··· Given records
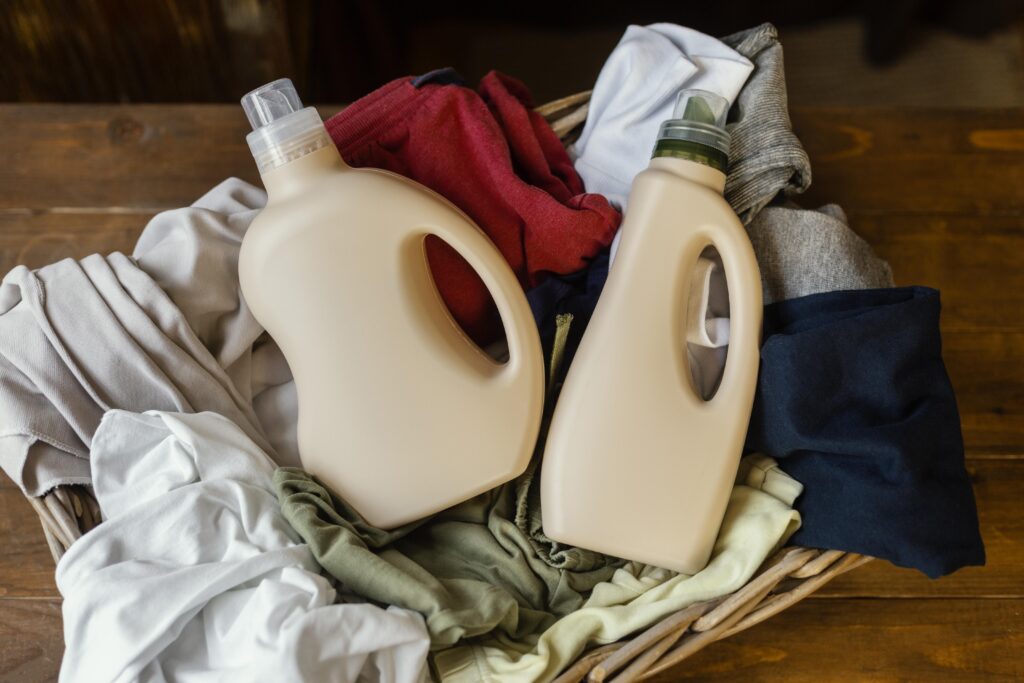 Home top view detergent bottles clothes 1024x683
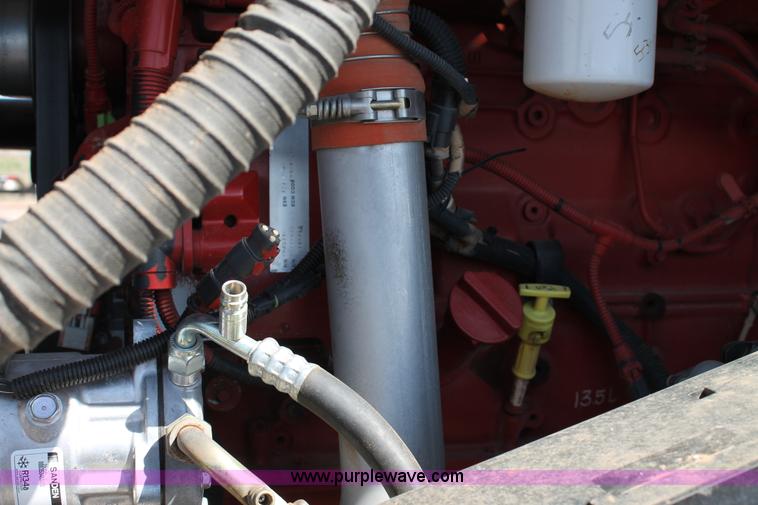 image for item H1560 2011 MacDon M205 self-propelled windrower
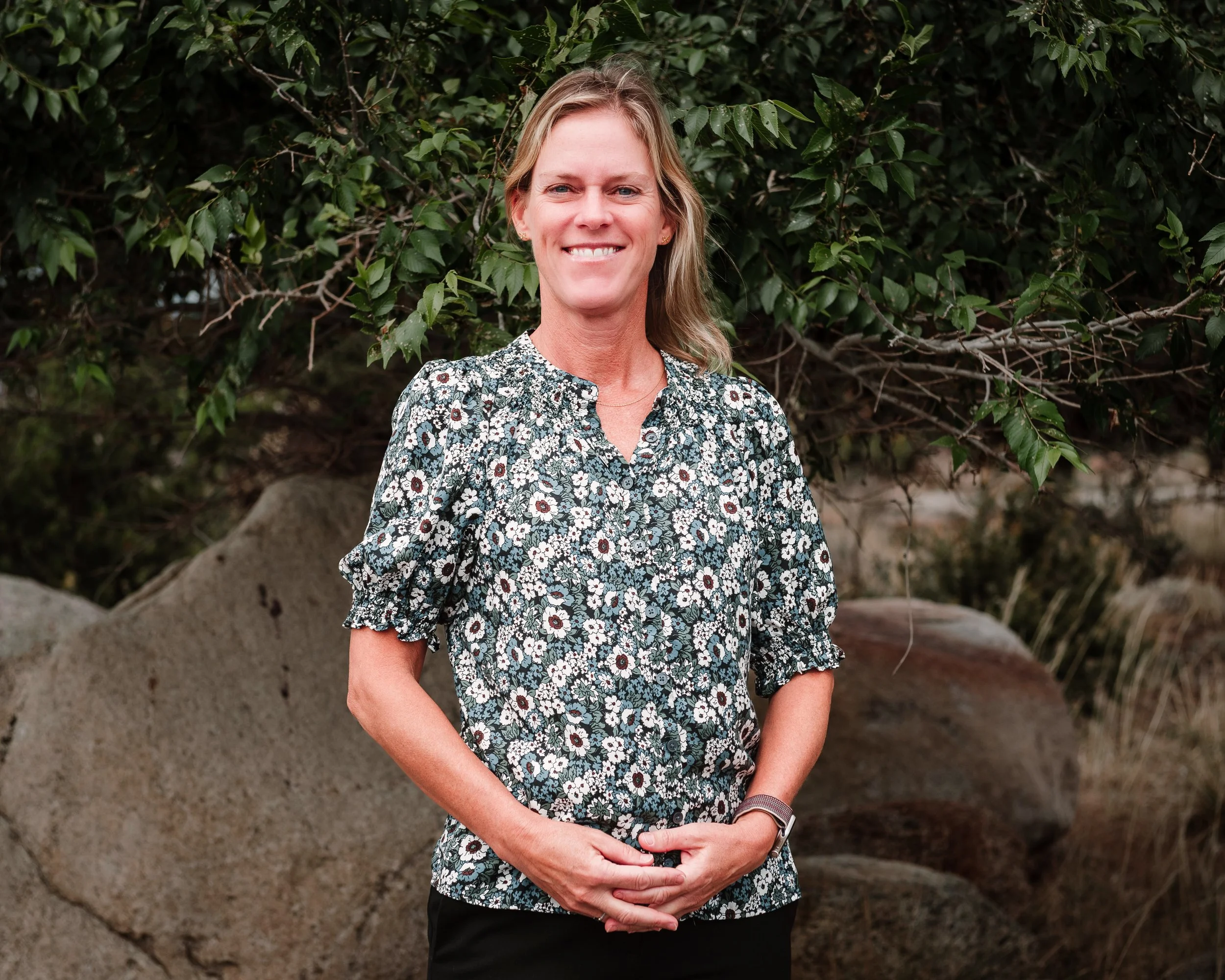 Marissa Buckingham stands in front of fence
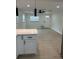An Open kitchen/living room layout with a kitchen island and modern ceiling fan at 2217 Azalea Ct, Lakeland, FL 33815
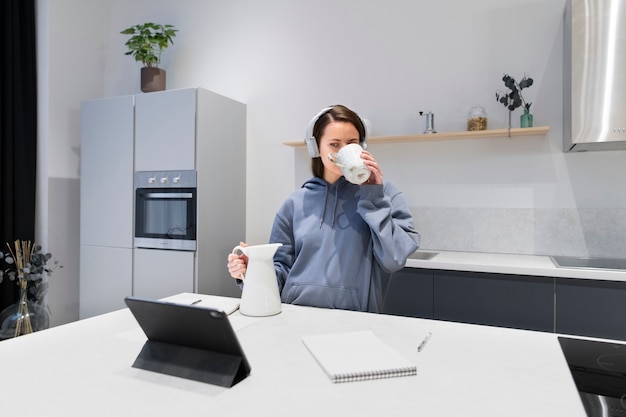 Женщина, работающая на домашней кухне с планшетом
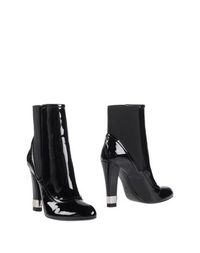 Полусапоги и высокие ботинки Casadei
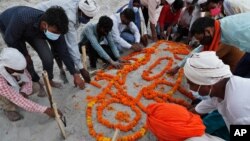 Family members and relatives pray after burying a person who died of reasons other than COVID-19 in a shallow sand grave on the banks of river Ganges in Prayagraj, India, May 16, 2021.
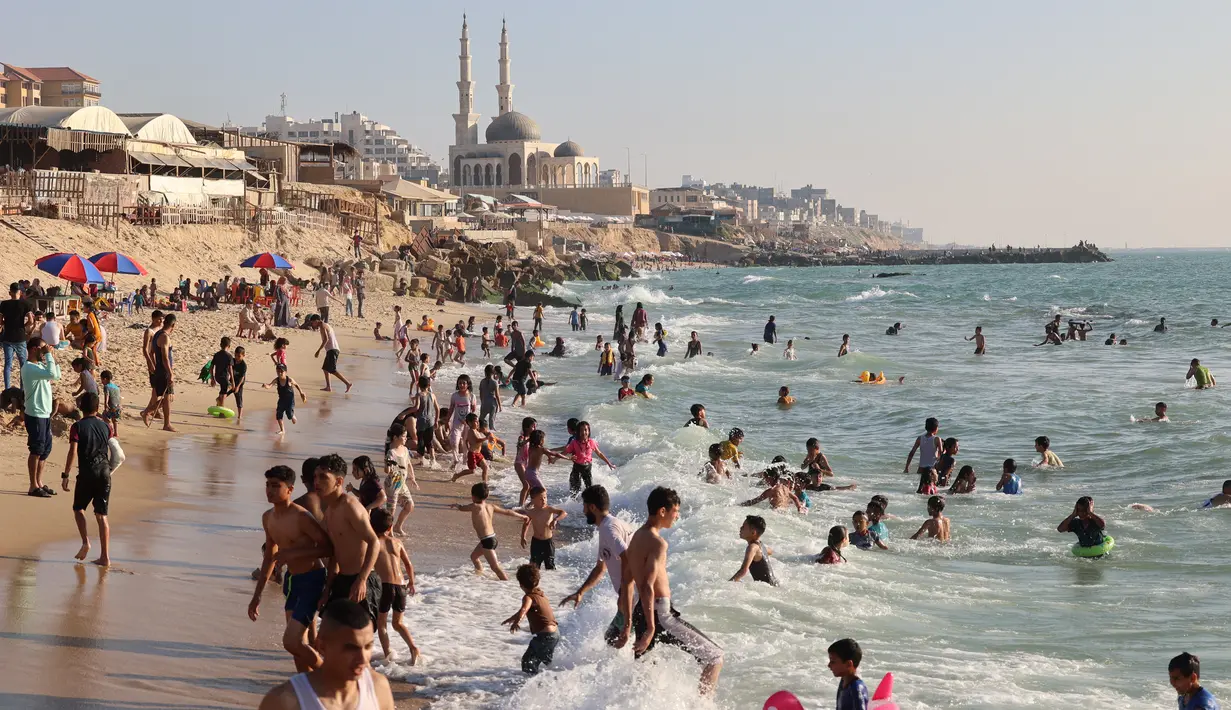 Warga Palestina bermain air di pantai Beit Lahia di Jalur Gaza utara saat para siswa memulai liburan musim panas mereka pada 3 Juni 2022. Sejumlah warga menikmati musim panas dengan berenang dan bermain air di pantai. (MOHAMMED ABED / AFP)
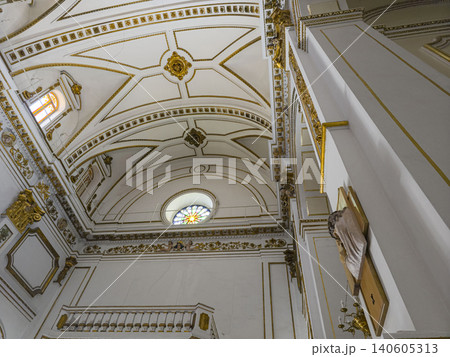 The scene shows a low angle view of a neoclassical church interior. The white vaulted ceiling features gold moldings. A colorful stained glass window adds light to the space. The scene shows a low angle view of a neoclassical church interior. The white vaulted ceiling features gold moldings. A colorful stained glass window adds light to the space. 140605313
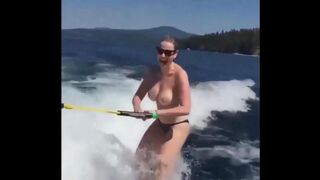 Topless girl skiing on water, a thrilling sight!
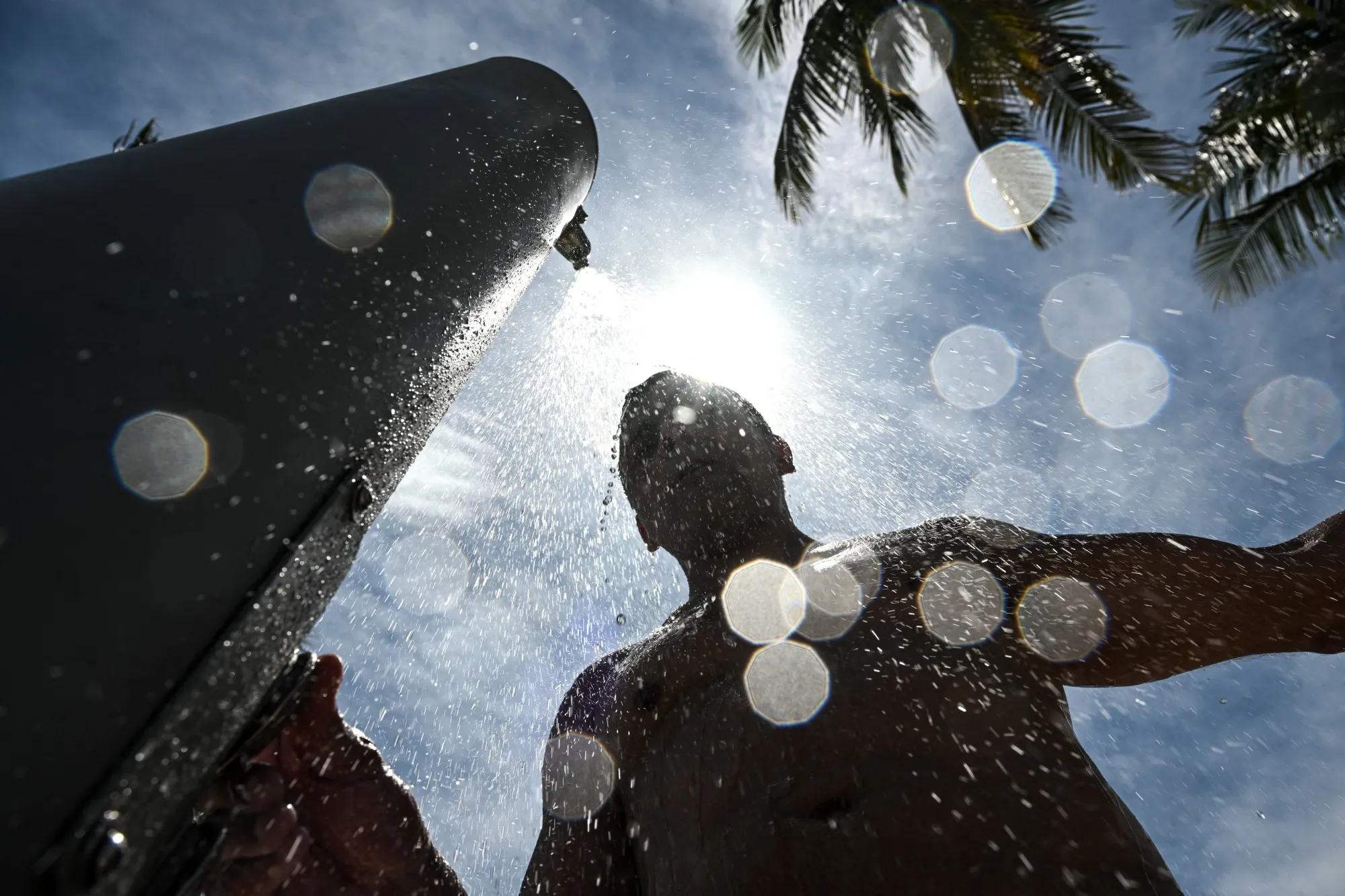 A man takes a shower during a hot afternoon in Miami Beach, Florida, in July 2025.&nbsp;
······
» Problem
Pictures stay out. Copy exactly, and only, the lines from the one containing "Полусапоги и высокие ботинки Casadei" through the end of the data.

» Exercise result
 Полусапоги и высокие ботинки Casadei
 Family members and relatives pray after burying a person who died of reasons other than COVID-19 in a shallow sand grave on the banks of river Ganges in Prayagraj, India, May 16, 2021.
 Warga Palestina bermain air di pantai Beit Lahia di Jalur Gaza utara saat para siswa memulai liburan musim panas mereka pada 3 Juni 2022. Sejumlah warga menikmati musim panas dengan berenang dan bermain air di pantai. (MOHAMMED ABED / AFP)
 The scene shows a low angle view of a neoclassical church interior. The white vaulted ceiling features gold moldings. A colorful stained glass window adds light to the space. The scene shows a low angle view of a neoclassical church interior. The white vaulted ceiling features gold moldings. A colorful stained glass window adds light to the space. 140605313
 Topless girl skiing on water, a thrilling sight!
 A man takes a shower during a hot afternoon in Miami Beach, Florida, in July 2025.&nbsp;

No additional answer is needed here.